Monday, May 22, 2017

It's there and I want it


1988:

It’s there, it’s for sale and I want it.

Vegans are out there being different. I, for one, want to communicate to people why we aren't people who want-must-have.



This is not something too many others do. It’s not how they spend their time. The way a vegan thinks is so radically different to how most people think. We think a lot about those poor helpless animals in prison, and we would do anything to stop what other humans are doing to them. This is contrary to the way Society has always regarded the usability of farm animals, and also contrary to attitudes about using animal foods.



When I start to speak to anyone face to face, about an ethically driven diet-change, it’s as if a curtain falls. I’m met with un-interest or worse, a casual dismissing of the whole subject. But despite this, or rather because of it, I know I need to work out how to move ahead, to communicate despite the collective resistance.



I think people in general have been got at. I like to emphasise that, and show the blind ‘following tendency’ humans have - that we basically do as we’re told as kids and never actually grow out of that obedience. I would stress that we rarely reflect deeply enough on what appears to be our benign eating habits, for if we did we’d soon enough see how we’ve been duped.



Just look at the obvious: eating animals, wearing them, using them - we do it so much. Our voracious appetite for their products is encouraged by the Animal Industries, and we, the customer spend so much of our money on their products. We do it even though we know it’s wrong (that is, wrong for the planet, for our health and of course for the ‘health’ of the animals themselves). Nevertheless, we do it.

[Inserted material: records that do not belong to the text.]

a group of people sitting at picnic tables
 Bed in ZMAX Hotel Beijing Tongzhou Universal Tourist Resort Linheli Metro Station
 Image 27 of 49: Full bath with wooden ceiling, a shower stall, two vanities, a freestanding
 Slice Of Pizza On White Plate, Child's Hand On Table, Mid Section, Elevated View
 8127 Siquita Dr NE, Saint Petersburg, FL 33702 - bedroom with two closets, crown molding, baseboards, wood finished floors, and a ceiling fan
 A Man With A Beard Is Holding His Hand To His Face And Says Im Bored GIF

The Animal Rights movement has tried to swing people over, by pointing out the cruelty and health angles, but it doesn’t work, and we need to understand why. But in the meantime, vegans need to present themselves as a solid resource, a service to those who are ready to wake up to the trap they’ve allowed themselves to fall into – a trap made almost invisible by the volume of traffic passing into it. The fact is that almost every human on the planet has been lured into a state of unawareness. Vegans are the wake-up call, and we’ll always be there in the community, applying pressure on people in whatever way we choose to do it.



But, for some activists, we need to foresee how things are going to change. We need to see the sequence of things and where the tipping point will be likely reached. To see where what we’re on about is going to be finally grasped. It really is simple, almost too simple for people to even notice what’s in front of their very eyes.



Why is animal cruelty happening? Why is there this mad addiction to animal products? Why are good hearted people with fine minds immune to what is really going on?



It’s possible that they feel there’s really no choice – it’s all there is. It’s their reality. Food. Eating it is what we do to make energy, to keep warm, to live a normal life - we use animal. This is the habits of a lifetime, it’s how we eat, it’s the food that’s on sale, it’s how Society operates.



Our habits are fed into the common psyche, from birth. We only know of those products which are promoted, which are very often rich with government subsidy. The foods are made to taste good or, in the case of clothing, look good. They’re hard to resist and not easy to find alternatives to.



In almost all countries, core foods and core items of clothing are made from animals - the non-animal choices are negligible. In all cultures affordability has been the determinant of what can and can’t be purchased. If it’s legal and we have the money for it, we are brought up to assume there’s no other obstacle to having what we want. Our pockets are full of expendable cash, and we are so used to getting what we want, that we buy whatever’s on offer. It never crosses our minds that there is an ethical component to shopping. We don’t give a thought to the wrongness of supporting the Animal Industries. By buying their goods we encourage the producers in what they do. And since they’re economically driven, they just can’t help inflicting cruelty on animals, to keep pace with the competition. Profit takes precedence over ethics, and it always ends up that the customer is the patsy.